# [Task to carry out]
The copy must run from the first line of the entries below through the line containing "Okay, so let's", restated word for word, with pictures left out.

======== Stored data ========

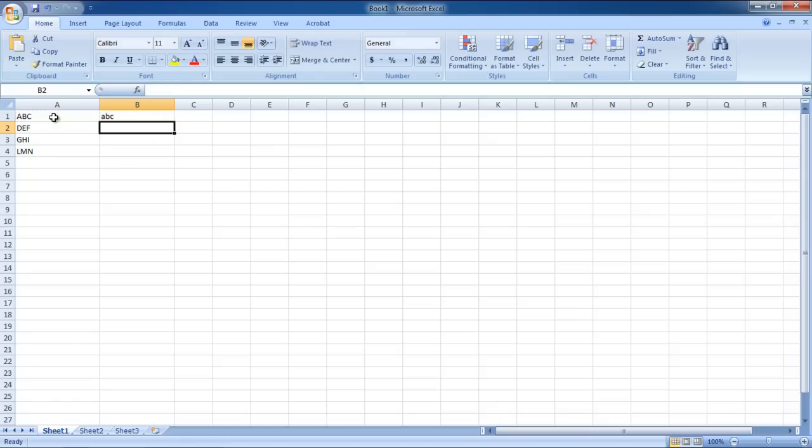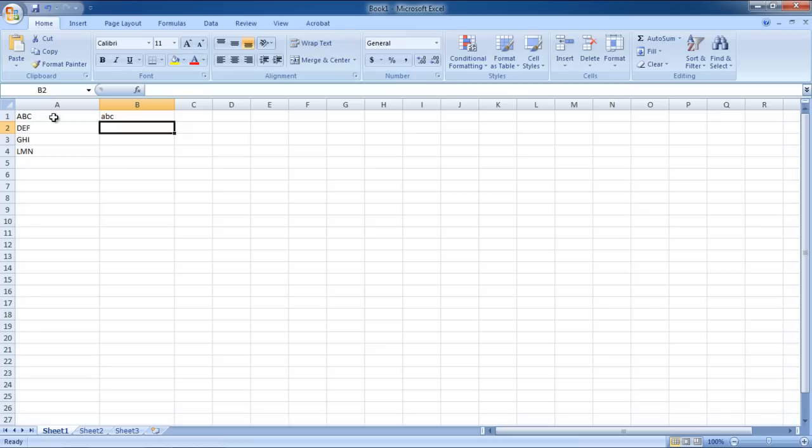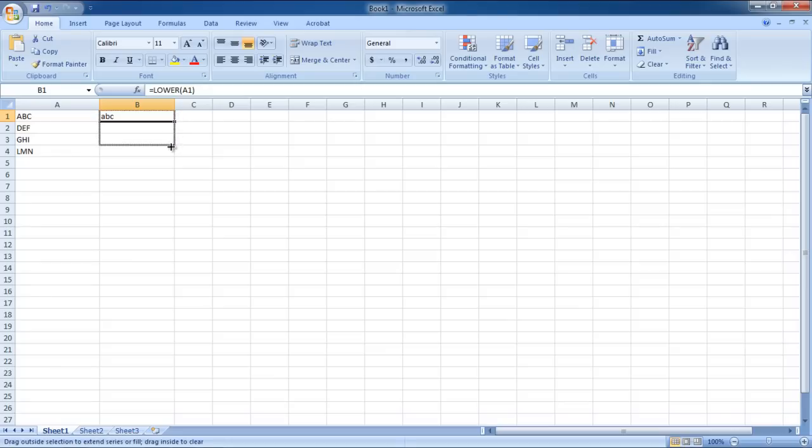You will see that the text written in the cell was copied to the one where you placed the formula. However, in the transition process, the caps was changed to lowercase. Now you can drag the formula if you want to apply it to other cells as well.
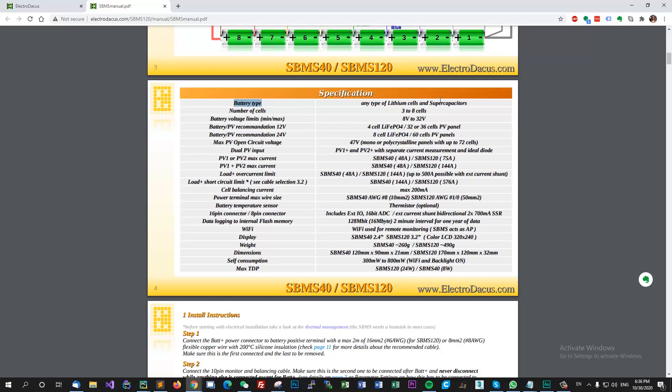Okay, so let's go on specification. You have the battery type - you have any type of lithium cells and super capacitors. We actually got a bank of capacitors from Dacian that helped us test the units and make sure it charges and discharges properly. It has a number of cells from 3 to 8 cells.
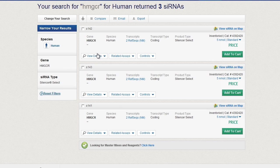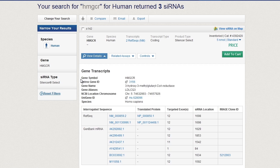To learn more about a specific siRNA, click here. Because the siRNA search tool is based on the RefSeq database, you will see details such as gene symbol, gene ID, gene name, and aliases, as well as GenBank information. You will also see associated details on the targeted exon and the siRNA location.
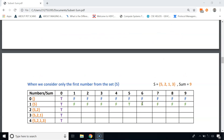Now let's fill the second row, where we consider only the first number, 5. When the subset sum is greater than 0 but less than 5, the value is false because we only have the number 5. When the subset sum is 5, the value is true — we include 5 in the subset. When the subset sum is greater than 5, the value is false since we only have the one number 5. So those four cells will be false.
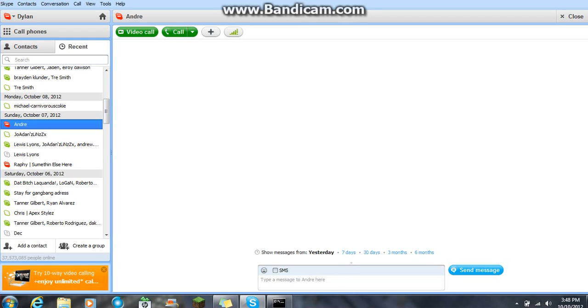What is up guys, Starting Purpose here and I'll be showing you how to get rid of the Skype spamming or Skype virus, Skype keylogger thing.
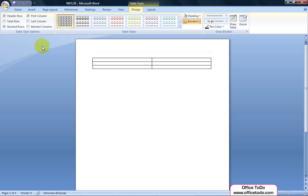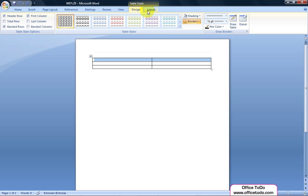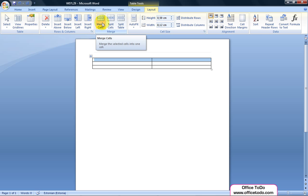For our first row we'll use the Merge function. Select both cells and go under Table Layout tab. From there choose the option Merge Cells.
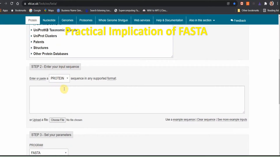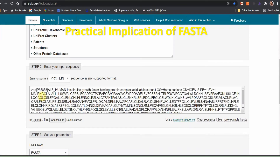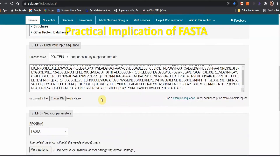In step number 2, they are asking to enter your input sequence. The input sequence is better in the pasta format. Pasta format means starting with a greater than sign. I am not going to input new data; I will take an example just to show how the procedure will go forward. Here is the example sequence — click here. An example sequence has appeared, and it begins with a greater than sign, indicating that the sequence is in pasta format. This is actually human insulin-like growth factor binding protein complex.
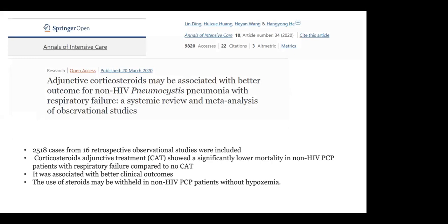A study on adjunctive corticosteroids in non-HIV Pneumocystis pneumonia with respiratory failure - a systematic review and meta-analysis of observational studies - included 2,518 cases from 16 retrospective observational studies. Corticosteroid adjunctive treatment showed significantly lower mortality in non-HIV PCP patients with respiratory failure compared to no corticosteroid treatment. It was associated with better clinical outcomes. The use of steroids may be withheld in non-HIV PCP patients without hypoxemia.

========

# [Solution for this task]
You will see that the text written in the cell was copied to the one where you placed the formula. However, in the transition process, the caps was changed to lowercase. Now you can drag the formula if you want to apply it to other cells as well.
Okay, so let's go on specification. You have the battery type - you have any type of lithium cells and super capacitors. We actually got a bank of capacitors from Dacian that helped us test the units and make sure it charges and discharges properly. It has a number of cells from 3 to 8 cells.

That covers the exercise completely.